О лжецаревиче известно лишь то, что он был российским подданным, восточным славянином (русским или украинцем), на момент «проявления» – бродягой. Можно полагать, что его самозванство обусловлено в значительной степени теми же обстоятельствами, что подтолкнули Разина, донских казаков и «голытьбу» к восстанию. Поводом для их мятежа был слух о боярском заговоре против царя. Якобы царицу Марию Милославскую, царевичей Симеона и Алексея Алексеевичей пытались отравить придворные из бояр. Разин поверил в это и объявил себя мстителем и защитником монарха. О том, что царь нуждается в защите, Разин говорил в апреле 1670 года, и тогда же из его уст впервые прозвучал призыв «итти в Русь против государевых неприятелей и изменников». При этом повстанцы были уверены, что Разин ведет их на Москву не по собственной прихоти, а «по государеву указу». Да и сам предводитель, судя по всему, был тоже в этом уверен. Дело в том, что этой же весной на Дон привезли фальшивую царскую грамоту. Разин и его соратники приняли ее как настоящую, обнаружив в ней просьбу-приказ отправиться к царю «на службу, потому что у нево, великого государя, царевичев не стала и от них, изменников бояр». Этот приказ мог быть прислан вместе с письмом, написанным якобы лично патриархом Никоном. Повстанцы позднее говорили: «Никон де патриарх к Стеньке Разину на Дон писал, чтобы он, Стенька, собрался с воровскими казаками, шол на бояр к Москве, а ево де, Никона, бояря согнали с Москвы напрасно». Самозванный «царевич», которого в глаза никто не видел, был всего лишь знаменем, именем которого Стенька Разин чинил разбой и исчез так же загадочно, как и появился. Однако его эстафету подхватил объявившийся позднее младший брат «царевич» Симеон.
Лжецаревичем Симеоном II оказался некий выходец из Варшавы, объявивший себя в Запорожской Сечи сыном царя Алексея Михайловича Романова.
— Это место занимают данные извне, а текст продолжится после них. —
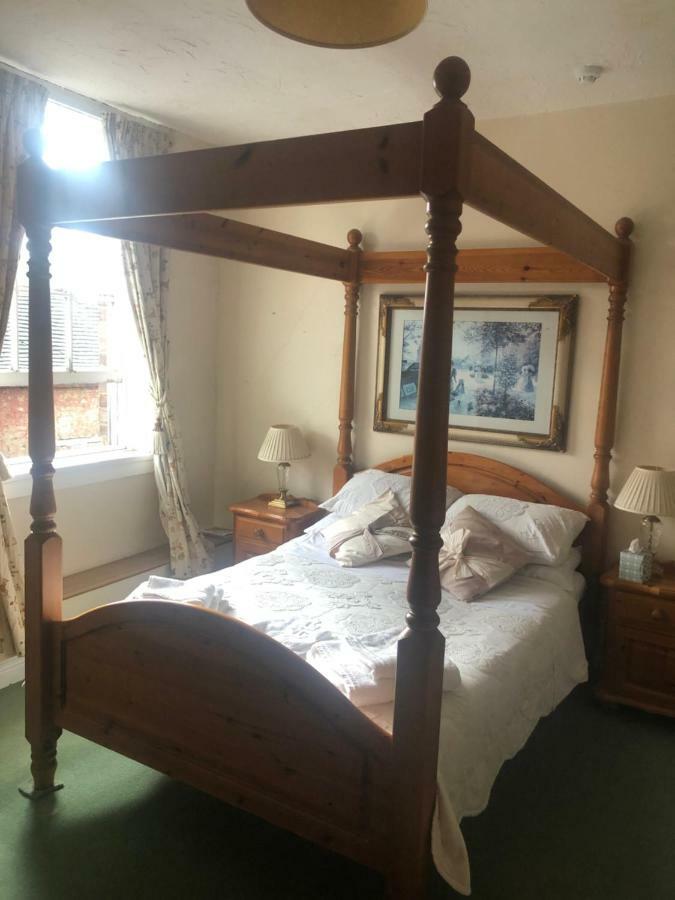The Lion Hotell Broseley Exteriör bild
Самозванец Лжесимеон II, по показаниям, данным под пыткой, на самом деле был Семеном Ивановичем Воробьевым, подданным князя Д. Вишневецкого, сыном варшавского мещанина, перешедшего в Варшаву из Лохвицы. Имя умершего в младенчестве царевича Симеона Алексеевича (1665—1669) он принял по инициативе соратника С. Разина Ивана Миуского (Миуски), после чего в 1673 году отправился в Запорожье, к кошевому Ивану Сирко. Вот как описывается появление самозванца на Запорожье: «В тот час, в веденье всех козаков, приехал на конях, называясь быти царевич, и стал на том месте, где Косагов великого государя с ратными людьми стоял, до приходу Сиркова. На вид этот человек хорош и тонок, долголиц, не румян и не русян, несколько смугловат, малоразговорчив, очень молод, всего около 15 лет, на теле имеет какие-то два знамени – орлы да сабли кривые; одет в зеленый, подшитый лисицами, кафтанец; с ним прибыло восемь человек донцев с вождем Иваном Миюсским, хохлачем по рождению. Миюсский под клятвой сказал запорожскому судье, будто у называющегося царевичем на правом плече и на руке есть знамя, похожее на царский венец».